284. But now Mac Murrogh sent word that he wished to come to terms; and the young earl of Gloucester was despatched by the king to confer with him.

When they had come to the place of conference, Mac Murrogh was seen descending a mountain-side between two woods, accompanied by a multitude of followers. He rode, without saddle, a noble horse that had cost him four hundred cows, and he galloped down the face of the hill as swiftly as a stag. He brandished a long spear, which, when he had arrived near the meeting place, he flung from him with great dexterity. Then his followers fell back, and he met the earl alone near a small brook; and those that saw him remarked that he was tall of stature, well knit, strong and active, with a fierce and stern countenance.

285. But the parley ended in nothing, for Gloucester could not agree to Mac Murrogh's demands. On the king's arrival in Dublin he made arrangements to have Mac Murrogh hunted down. But before they could be carried out he was recalled to England by alarming news; and when he had arrived he was made prisoner in 1399, and a new king, Henry IV., was placed on the throne.

286. After the king's departure, Mac Murrogh's raids became so intolerable that the government agreed to compensate him for his wife's lands. Two years later—in 1401—he made a terrible raid into Wexford, in which numbers of the settlers were slain. But this was avenged soon after by the English of Dublin, who in 1402 marched south along the coast, led by the mayor, John Drake, and defeated the O'Byrnes near Bray, killing 500 of them. For this and other services, the king granted to the city of Dublin the privilege of having a gilt sword carried before the mayor.

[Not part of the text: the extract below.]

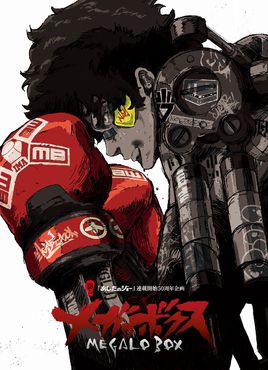Megalo Box明日之丈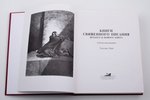 "Священное писание в 234 иллюстрациях Гюстава Доре", 1997 г., Symposium, 479 стр., суперобложка, 29...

287. After a short period of quietness Mac Murrogh renewed the war in 1405, plundered and burned Carlow and Castledermot, two English settlements, and again overran the county Wexford. But now came a turn of ill fortune. The deputy Sir Stephen Scroope utterly defeated him in 1407 near Callan in Kilkenny, and immediately afterwards surprised O'Carroll lord of Ely, and killed O'Carroll himself and 800 of his followers. Altogether 3,000 of the Irish fell in these two conflicts—the greatest reverse ever sustained by Mac Murrogh.

288. This defeat kept him quiet for a time. But in 1413 he inflicted a severe defeat on the men of Wexford. Three years after this—in 1416—the English of Wexford combined, with the determination to avenge all the injuries he had inflicted on them. But he met them on their own plains, defeated them with a loss of 320 in killed and prisoners, and so thoroughly frightened them that they were glad to escape further consequences by making peace and giving hostages for future good behaviour.

289. This was the old hero's last exploit. He died in New Ross a week after the Christmas of 1417, in the sixtieth year of his age, after a reign of forty-two years over Leinster. O'Doran his chief brehon, who had been spending the Christmas with him, died on the same day, and there are good grounds for suspecting that both were poisoned by a woman who had been instigated by some of Mac Murrogh's enemies.

He was the most heroic, persevering, and indomitable defender of his country, from Brian Boru to Hugh O'Neill; and he maintained his independence for nearly half a century just beside the Pale, in spite of every effort to reduce him to submission.